This discussion has me thinking about two video games I've played that have a bit of an "older school" vibe to them:
Darkest Dungeon
I'm playing a lot of this at the moment. For those unfamiliar with it, it's a tactical dungeon-crawler with intricate 2D-positional combat, a dungeon-exploration gameplay layer, and a strategic roster-and-town-management gameplay layer, and the potential for very high lethality. (My first complete playthrough had a 40% mortality rate for my roster.)
In Darkest Dungeon, the characters can have up to 7 combat skills, only 4 of which are accessible at any given time. Most of these skills are usable at will, though some more powerful ones are usable a limited number of times per combat.

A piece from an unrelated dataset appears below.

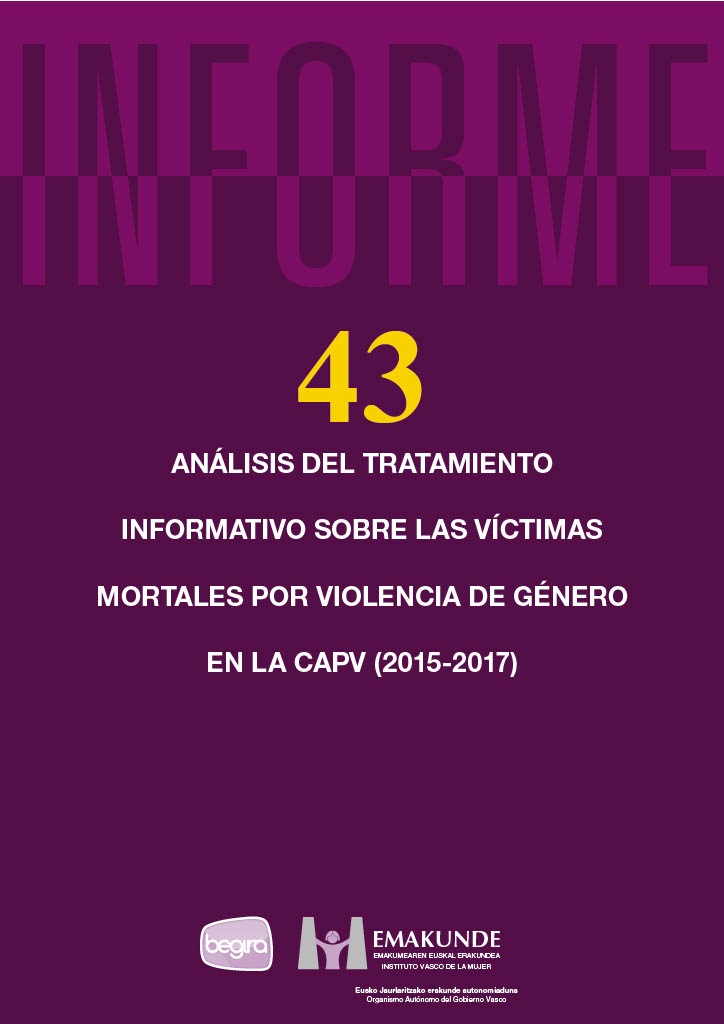 Imagen de portada del libro Análisis del tratamiento informativo sobre las víctimas mortales por violencia de género en la CAPV (2015-2017)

Overall, Darkest Dungeon leans almost entirely into at-will abilities, where the restrictions are action economy, positional considerations, and situational considerations, with the few exceptions noted.
The Iron Oath
This was in early access when I played it, so I don't really know how it's updated since.
Anyway, this has very similar combat-dungeon-overworld gameplay, but is a bit different. The characters have a few at-will abilities, but their core combat skills have a limited number of "per-day" uses (really "per dungeon" uses), with, if I recall correctly, one or two chances to recover some uses by resting in the dungeon. I daresay that this game actually handles limited-per-day ability usage better than D&D does, though perhaps in part because it's a video game - though probably also because characters don't get so many ability uses (as D&D spellcasters get spell slots) that they break the resource attrition model, and the abilities aren't so much more powerful than at-will ones that you "feel bad" using them.
It's a bit closer to D&D than is Darkest Dungeon in this respect. Certainly it leans more into limited-use abilities.
I don't know if these musings are at all useful, but maybe!